Segment Start: Recorded data

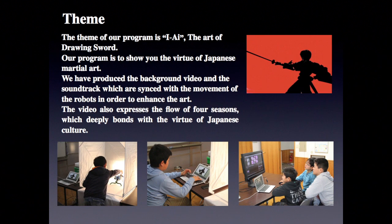The theme of our program is IAI, the art of drawing swords. Our program is to show you the virtue of Japanese martial arts. We have produced the background video and the soundtrack, which are synced with the movement of the robots in order to enhance the arts.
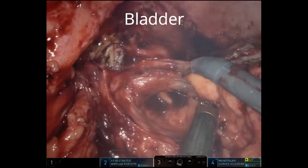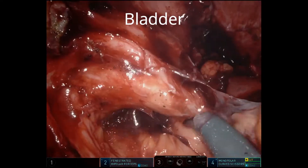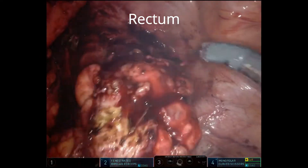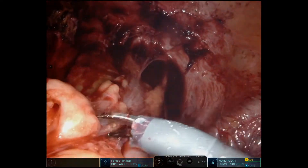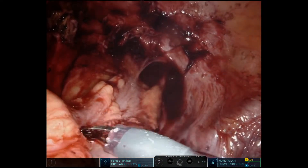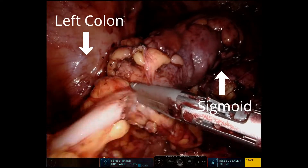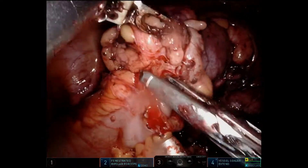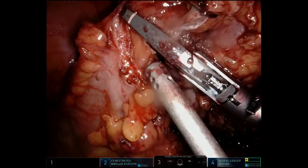Here we're taking down the disease from the left pelvic side wall and the dome of the bladder. We see the disease right there, and now we're ready to begin the resection itself. That's the rectum down there. We've already taken down the splenic flexure, which we're not going to show here. But there's the left colon and there's the sigmoid — that's where we're using for our proximal transection.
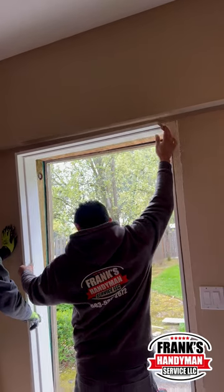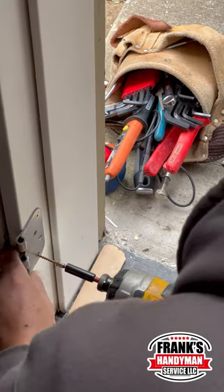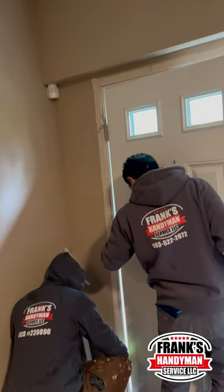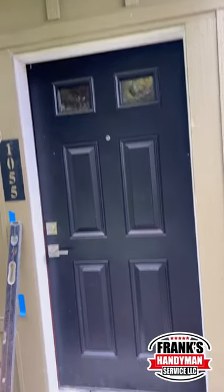Make sure everything is nice and secure. If you want to see this entire process with more detail, click the link at the bottom of this screen. Thanks for watching, may God bless you, and stay tuned for tomorrow's video.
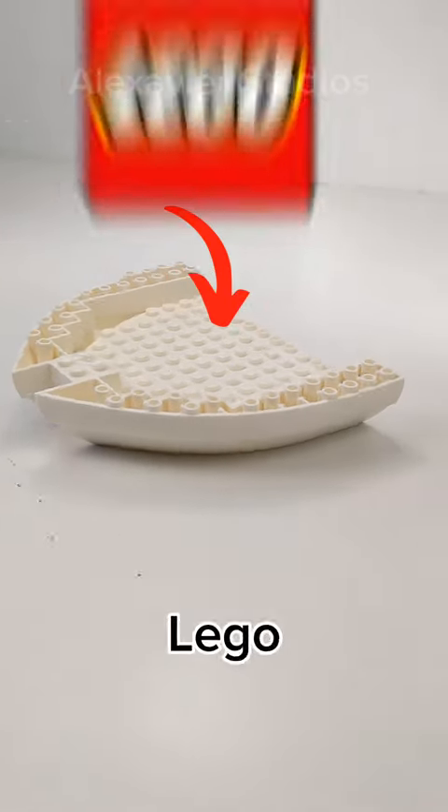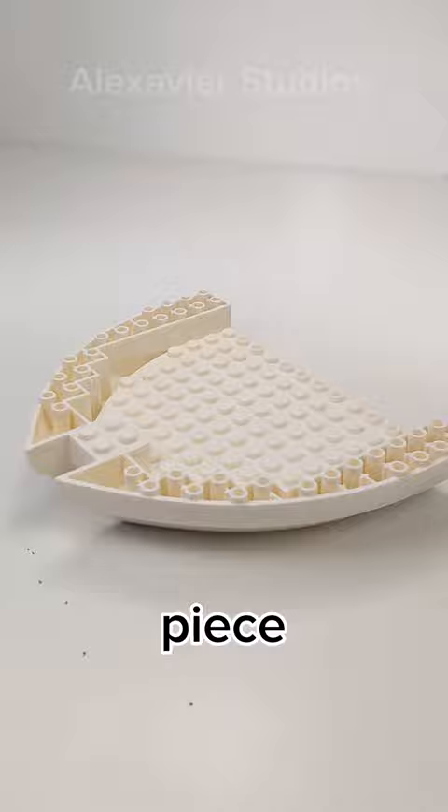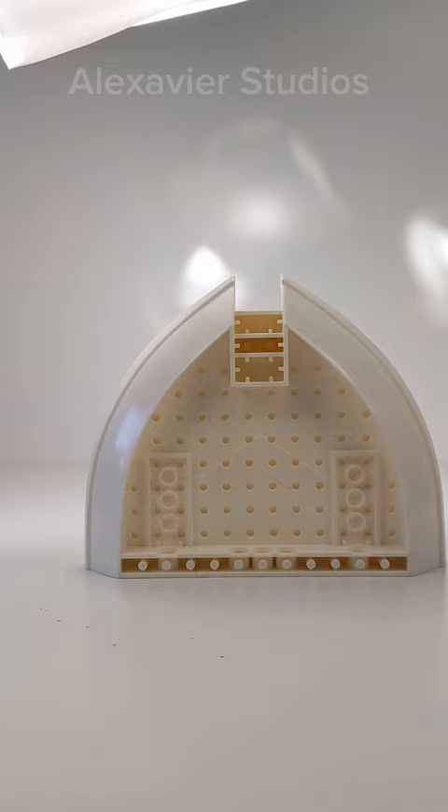This is the LEGO Boat Bow Brick. Back in 2009, LEGO created this piece for their pirate sets. The piece measures just a little over two bricks tall and has studs on the top and anti-studs at the bottom.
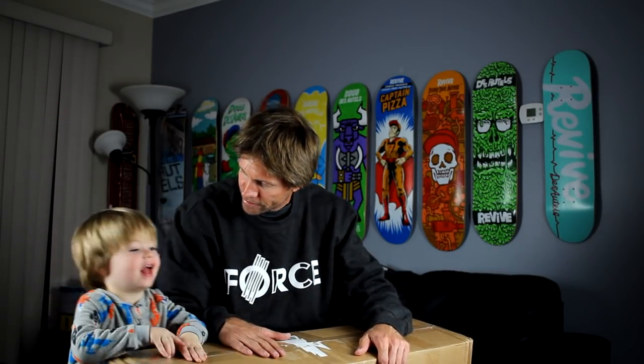What's up YouTube and welcome to Doug's Life. Over here we got Walker, today's co-host. You want to open the box up? Open it up now. There's a box from Revive Skateboards.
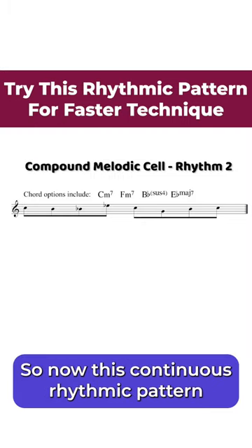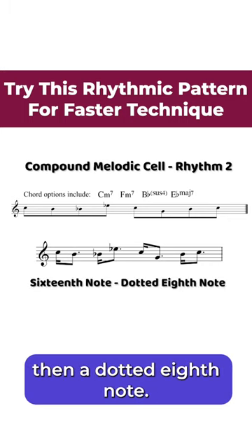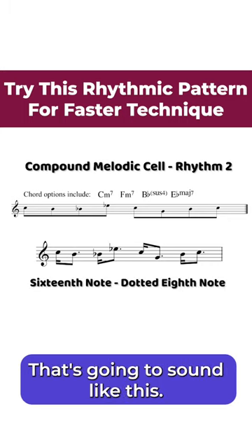This continuous rhythmic pattern is going to be flipped. We'll play a sixteenth note, then a dotted eighth note. That's going to sound like this.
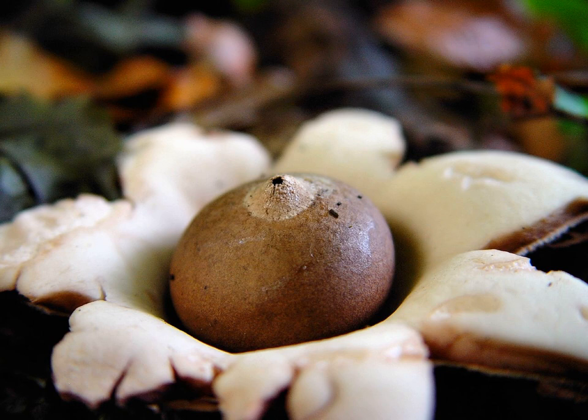Geastrales is an order of gasterocarpic basidiomycetous fungi that are related to Cantharellales. The order contains the single family Geastraceae, commonly known as Earth stars, which older classifications had placed in Lycoperdales or Phallales.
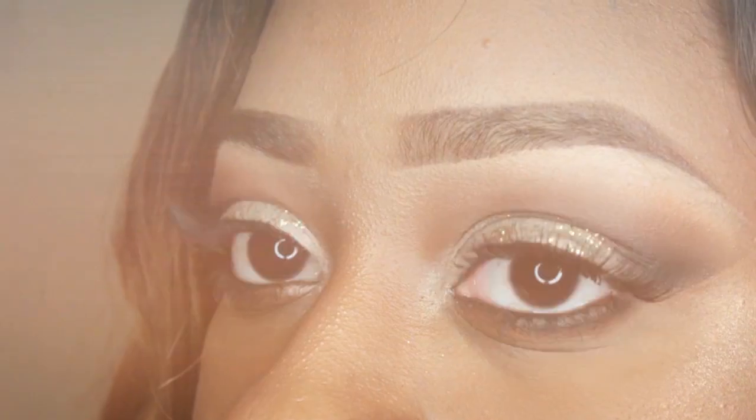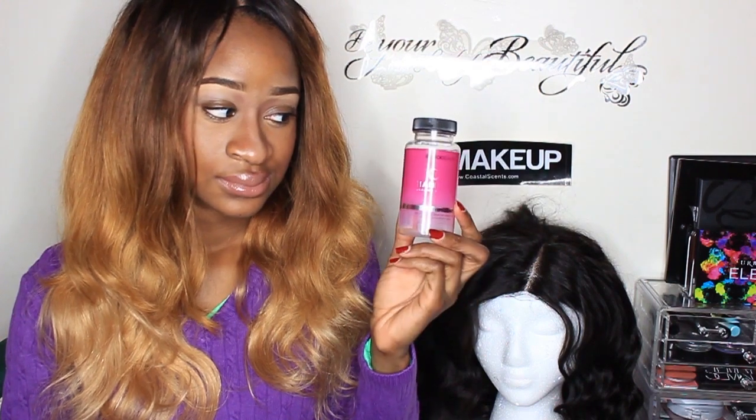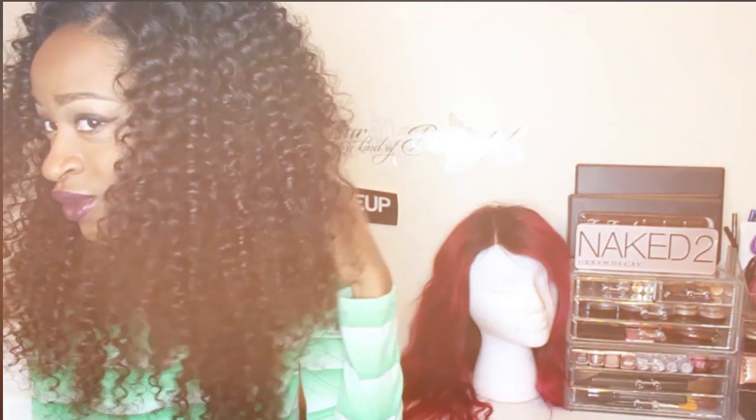Welcome to DesiGT where I have makeup tutorials, hair journey tips for relaxed, natural, and texlax hair, product reviews especially for growth, and hair coloring for fun.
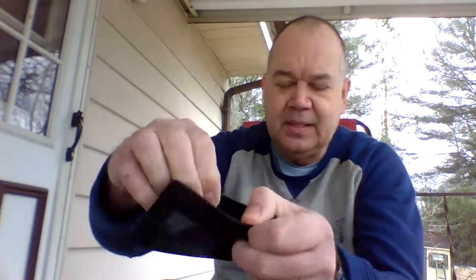This wallet has a window pocket for your driver's license. It's got a couple of nice pockets for credit cards and ID or whatever you want to put in there. And then just a small pouch where you can fold in some bills — maybe three or four bills would fit in there. It also says you can put coins in here, but I probably won't use it for coins. You can get these wallets on Amazon or from the Axis website for about $50.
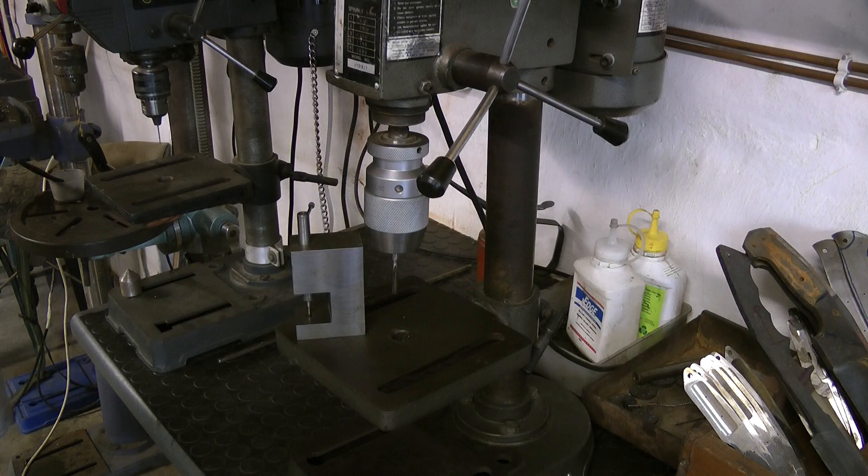Hi, Niels from Black Dragon Forge, here with another workshop tip for you. When it comes to tapping — specifically for folding knives or fixed blades — you've got to tap a really, really small hole.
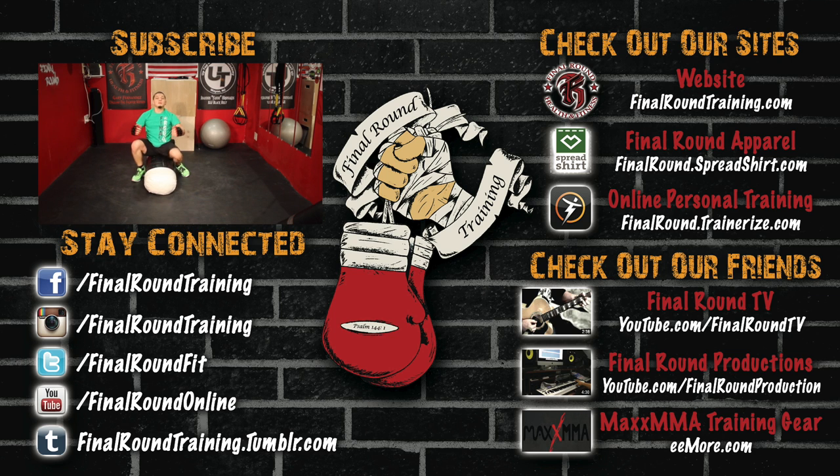Hope you guys enjoy it. Please subscribe to the channel, follow me on Instagram where you guys can see me and what I do each and every day — my own personal training or my self-training clients. Like us on Facebook and check out our website. We have the website up and going — check out the apparel. Thanks for watching, guys. God bless.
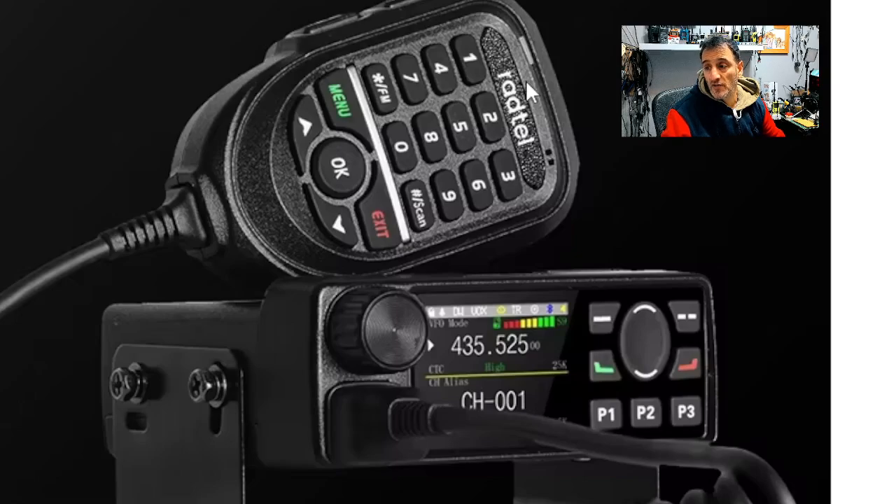Have you heard of the Radtel RT20M? VHF, UHF, airband, broadcast frequencies, full colour screen — and we are seeing a Bluetooth logo up there as well — 25 watt.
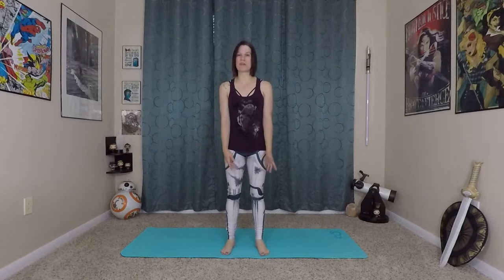Hi nerds, hi yogis, Carleen Rose here and welcome to the Nerdy Yogi YouTube channel. Today we're doing a respawn your legs flow. So after long periods of sitting, whether it's gaming or working or whatever the case may be, it's good to get some movement back in your legs. We'll do a little bit of movement, a little bit of stretching and get some energy and life back into that stagnant feeling we get when we sit for long periods of time.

Segment End: Recorded data

# Task
Return only the lines running from the start of the entries above to the line that contains "Here we're taking", inclusive, and omit every picture.

# Exercise output
The theme of our program is IAI, the art of drawing swords. Our program is to show you the virtue of Japanese martial arts. We have produced the background video and the soundtrack, which are synced with the movement of the robots in order to enhance the arts.
Here we're taking down the disease from the left pelvic side wall and the dome of the bladder. We see the disease right there, and now we're ready to begin the resection itself. That's the rectum down there. We've already taken down the splenic flexure, which we're not going to show here. But there's the left colon and there's the sigmoid — that's where we're using for our proximal transection.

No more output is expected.